Laboratory of Medical Physics, Medical School, National and Kapodistrian University of Athens, Mikras Asias 75 str., Athens 11527, Greece.
School of Electrical and Computer Engineering, National and Technical University of Athens, Athens, Greece.
Comput Methods Programs Biomed. 2018 Oct;165:13-23. doi: 10.1016/j.cmpb.2018.07.004. Epub 2018 Jul 18.
Laparoscopic surgery offers the potential for video recording of the operation, which is important for technique evaluation, cognitive training, patient briefing and documentation. An effective way for video content representation is to extract a limited number of keyframes with semantic information. In this paper we present a novel method for keyframe extraction from individual shots of the operational video.
The laparoscopic video was first segmented into video shots using an objectness model, which was trained to capture significant changes in the endoscope field of view. Each frame of a shot was then decomposed into three saliency maps in order to model the preference of human vision to regions with higher differentiation with respect to color, motion and texture. The accumulated responses from each map provided a 3D time series of saliency variation across the shot. The time series was modeled as a multivariate autoregressive process with hidden Markov states (HMMAR model). This approach allowed the temporal segmentation of the shot into a predefined number of states. A representative keyframe was extracted from each state based on the highest state-conditional probability of the corresponding saliency vector.
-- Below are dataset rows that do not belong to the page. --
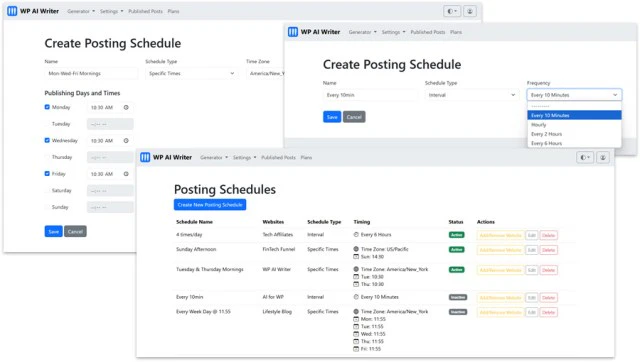 WP AI Writer automated publishing schedules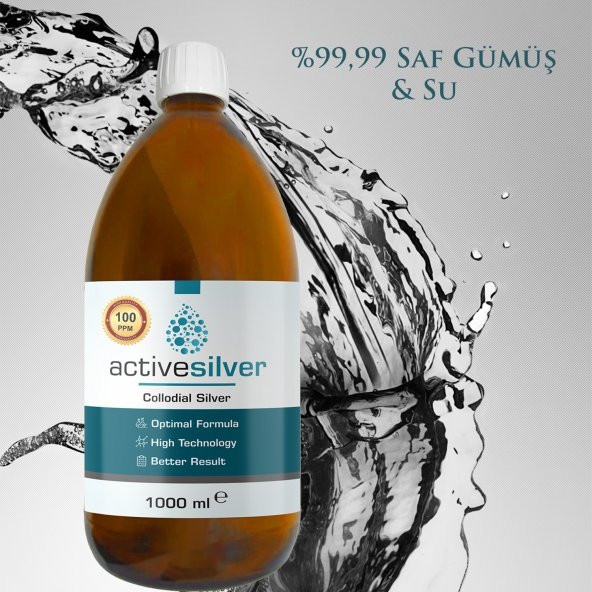 Active Silver Kolloidal Gümüş Suyu 100 PPM - 1000 ml - 3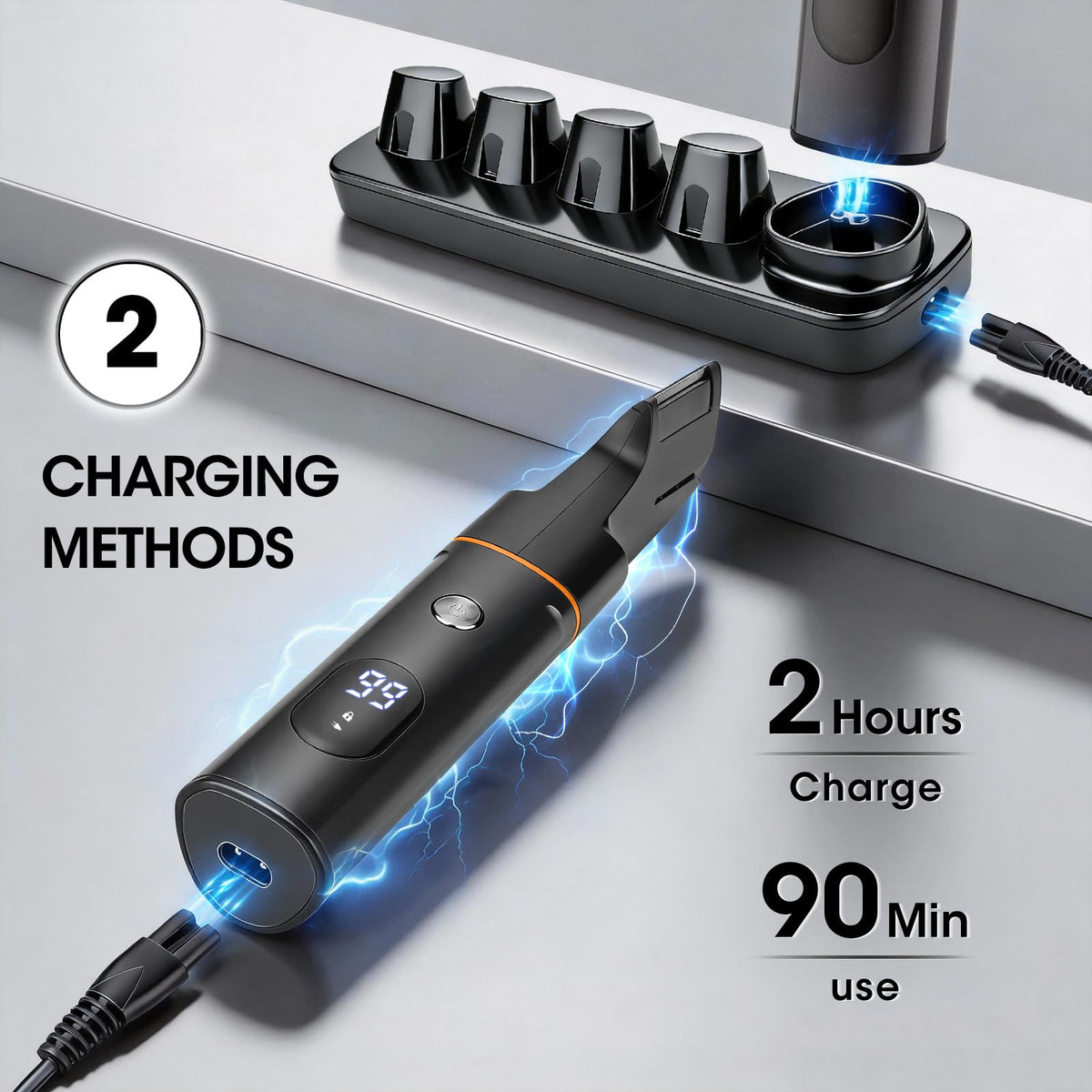 Suttik 5-in-1 Men’s Body, Beard & Pubic Hair Trimmer with LED Display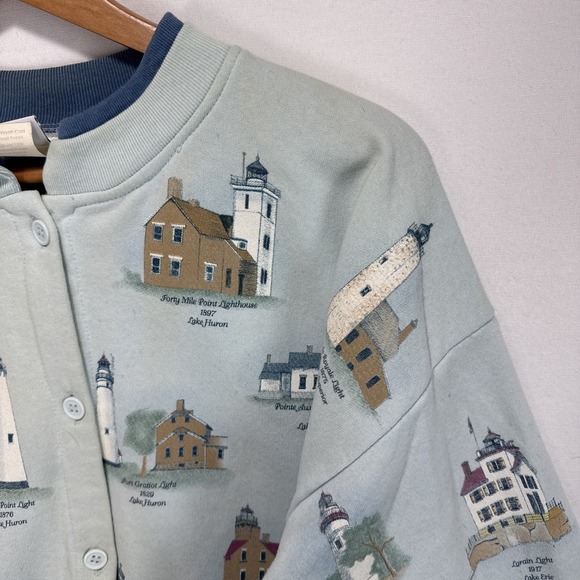 Artisans Sunschein Designs Michigan Lighthouse Cardigan USA 90s All Over Design - Picture 6 of 10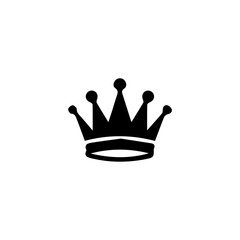 A modern minimalist crown logo in black color. Perfect for luxury brands, royal themes, high-end businesses, or elegant branding identities. This vector graphic features a stylized crown with clean li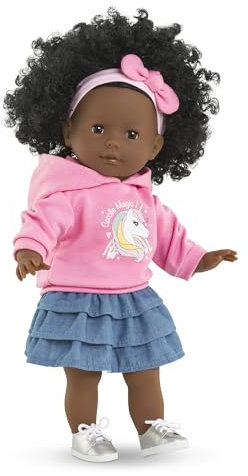 MaCorolle Maëlys, Weichkörper-Ankleidepuppe mit Locken in süßem Outfit, Schlafaugen, Vanilleduft, 36cm, ab 3 Jahre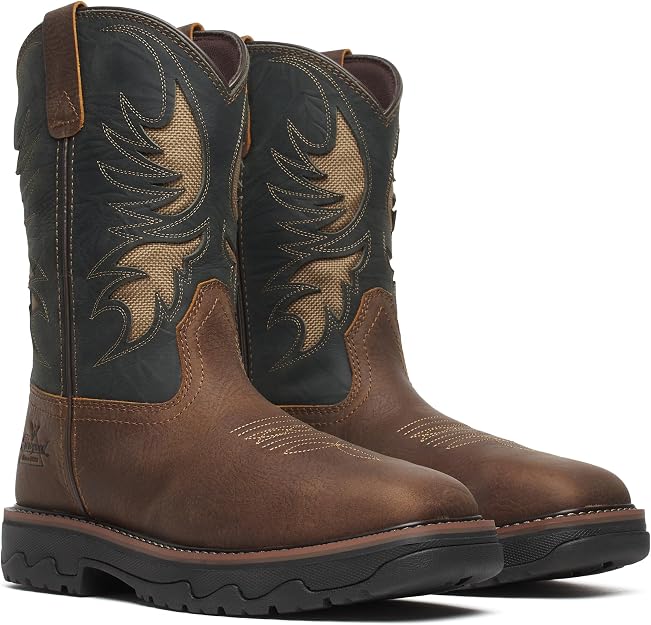 Thorogood Men's 11" Nano Composite Safety Square Toe Vented Buffalo Ridge Western Work Boot, 804-4339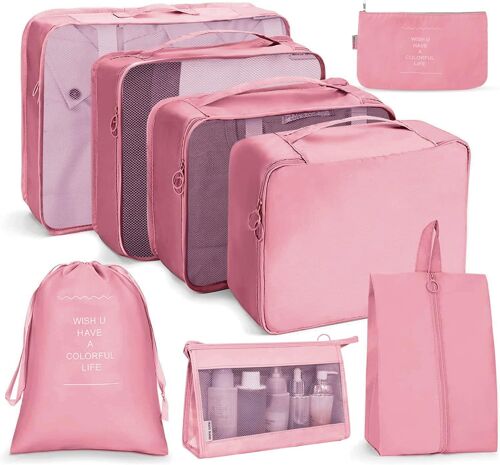 Organisateur Val , Organisateur De Voyage, Lot De 8 Organ Urs De Bagage Pour Voyage,Différents Tailles Des Cubes Étanche Sacs De Voyage Rangement (Rose)
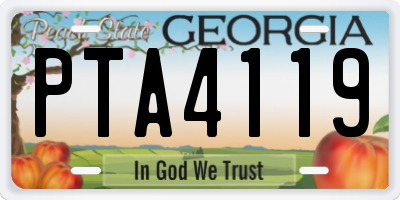 GA license plate PTA4119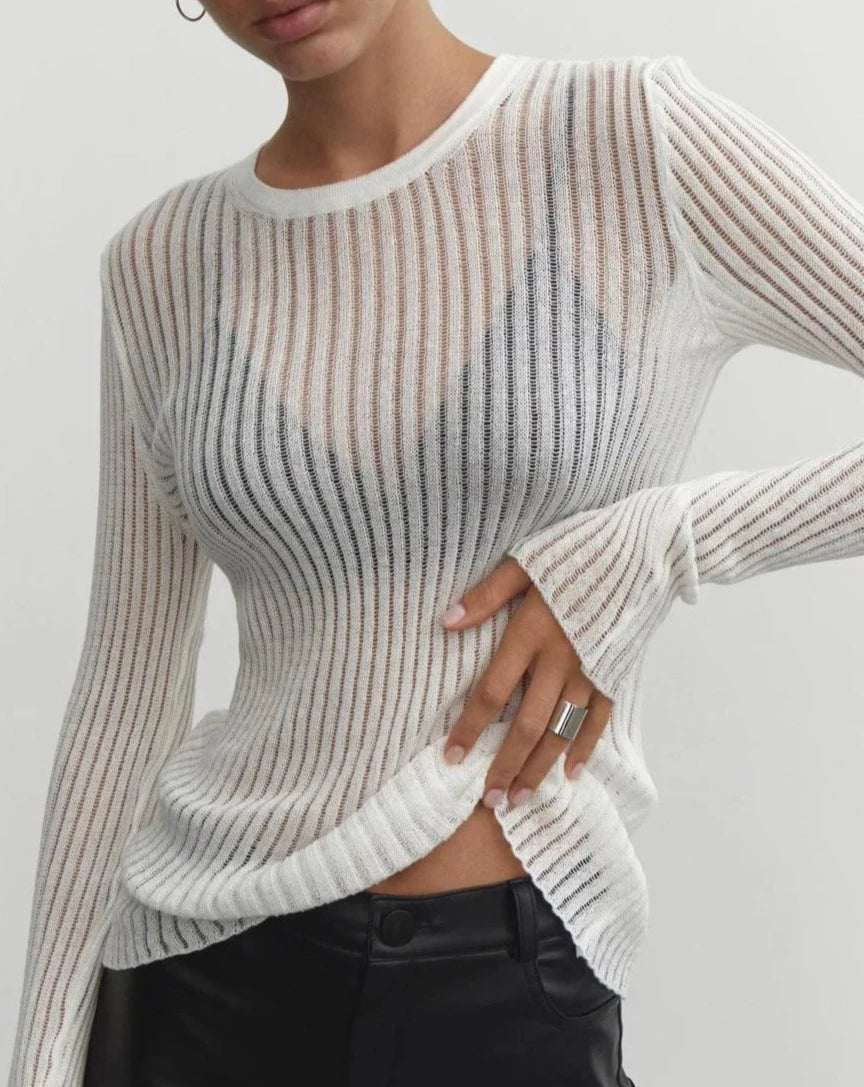 Striped See Through Long Sleeve Top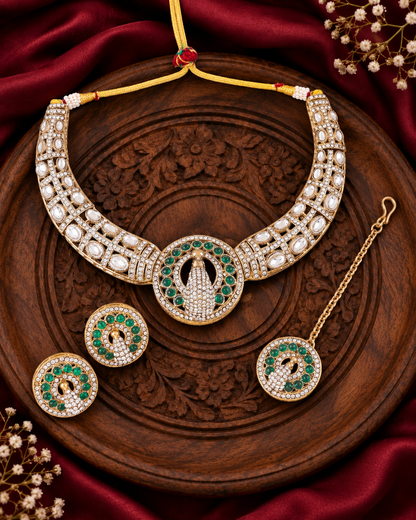 Green Gold Soujanya Peacock Designer Necklace with Earring and Teeka
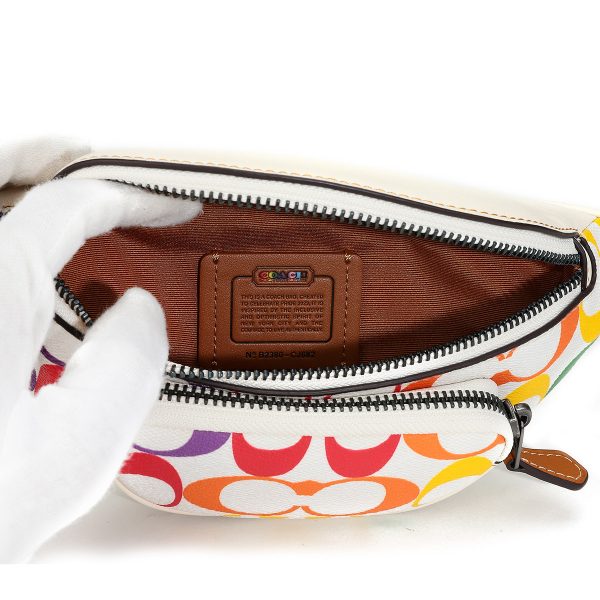 gcocj682qbcah 6 Coach Rainbow Signature Waist Bag Body Bag White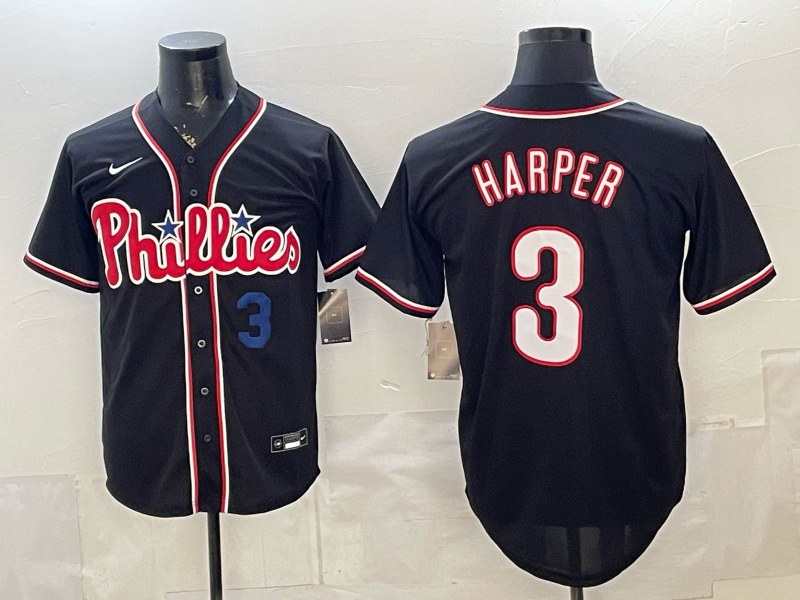 Men 2026 Philadelphia Phillies #3 Harper black Game Nike MLB Jersey 051802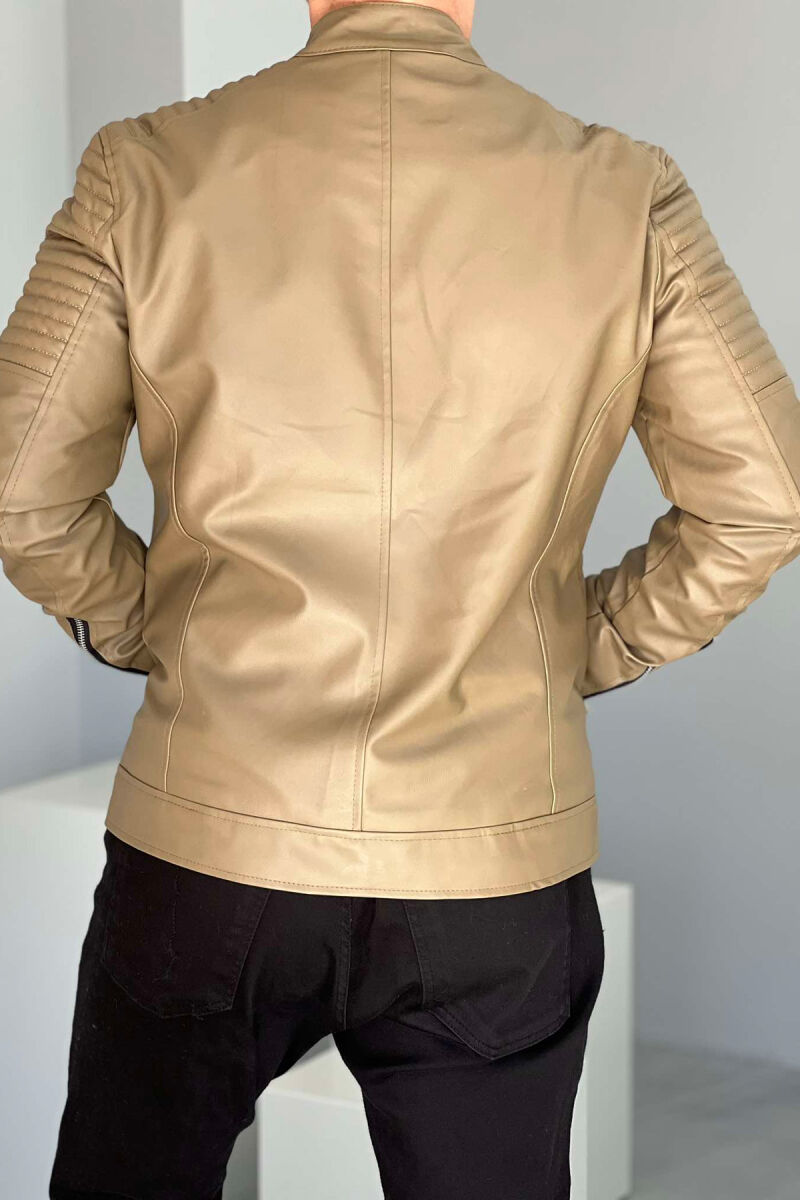 SIMPLE BIKER MEN JACKET BEIGE/BEZHE - 2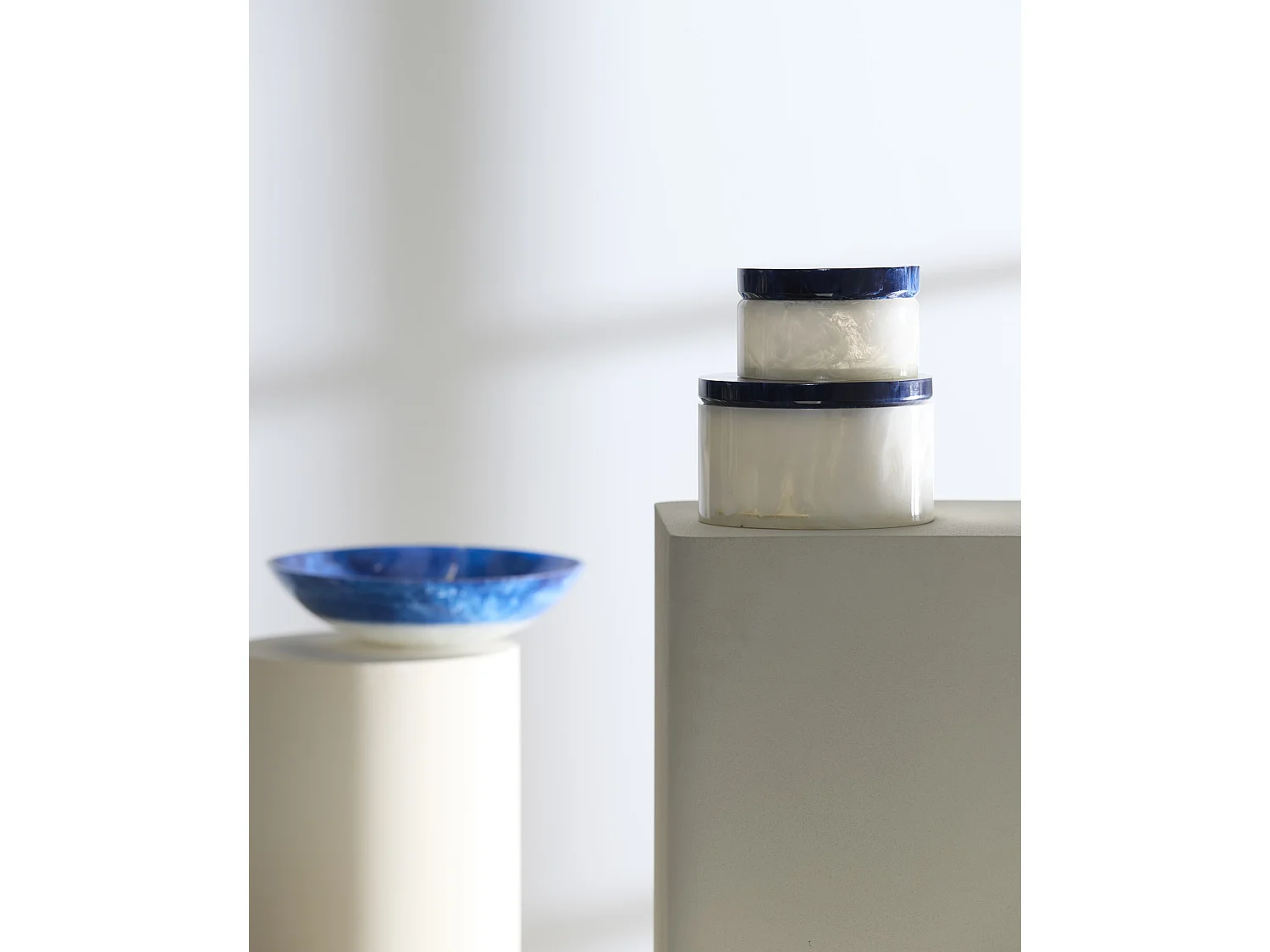 Déco KELIMUTU - Ø15x9,5cm - Blanc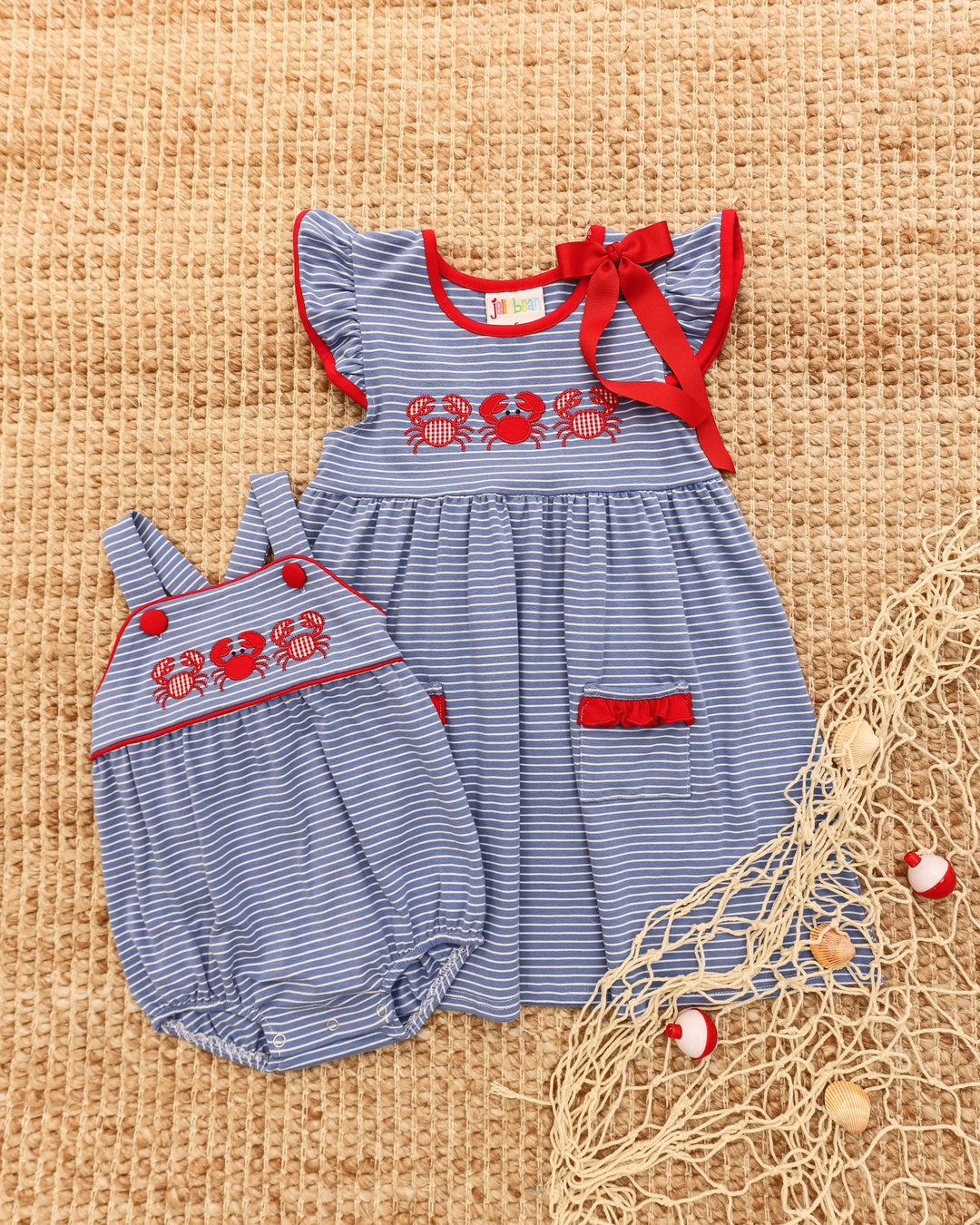 Coastal Crab Ruffle Pocket Dress - Hampton James Clothing - view 4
Our method was tested on 168 video shots extracted from various laparoscopic cholecystectomy operations from the publicly available Cholec80 dataset. Four state-of-the-art methodologies were used for comparison. The evaluation was based on two assessment metrics: Color Consistency Score (CCS), which measures the color distance between the ground truth (GT) and the closest keyframe, and Temporal Consistency Score (TCS), which considers the temporal proximity between GT and extracted keyframes. About 81% of the extracted keyframes matched the color content of the GT keyframes, compared to 77% yielded by the second-best method. The TCS of the proposed and the second-best method was close to 1.9 and 1.4 respectively.
Our results demonstrated that the proposed method yields superior performance in terms of content and temporal consistency to the ground truth. The extracted keyframes provided highly semantic information that may be used for various applications related to surgical video content representation, such as workflow analysis, video summarization and retrieval.
腹腔镜手术提供了操作视频录像的潜力,这对于技术评估、认知训练、患者介绍和记录非常重要。一种有效的视频内容表示方法是提取具有语义信息的有限数量的关键帧。本文提出了一种从手术视频的单个镜头中提取关键帧的新方法。
首先使用目标模型将腹腔镜视频分割成视频镜头,该模型经过训练可捕获内窥镜视野中显著变化的情况。然后,将每一帧分解成三个显著度图,以便对人类视觉对颜色、运动和纹理差异较大的区域的偏好进行建模。从每个地图上的累积响应提供了整个镜头中显著度变化的 3D 时序列。该时序列被建模为具有隐藏马尔可夫状态(HMMAR 模型)的多元自回归过程。这种方法允许根据对应显著向量的最高状态条件概率将镜头的时间序列分割成预定义数量的状态。从每个状态中提取一个代表关键帧。
我们的方法在从公共 Cholec80 数据集的各种腹腔镜胆囊切除术操作中提取的 168 个视频镜头上进行了测试。使用了四种最先进的方法进行比较。评估基于两个评估指标:颜色一致性得分(CCS),用于测量地面实况(GT)和最近关键帧之间的颜色距离,以及时间一致性得分(TCS),用于考虑 GT 和提取关键帧之间的时间接近度。与第二种方法相比,大约 81%的提取关键帧与 GT 关键帧的颜色内容匹配,而第二种方法的匹配率为 77%。所提出的方法和第二种方法的 TCS 分别接近 1.9 和 1.4。
我们的结果表明,与地面实况相比,所提出的方法在内容和时间一致性方面表现出更好的性能。提取的关键帧提供了高度语义信息,可用于与手术视频内容表示相关的各种应用,例如工作流程分析、视频摘要和检索。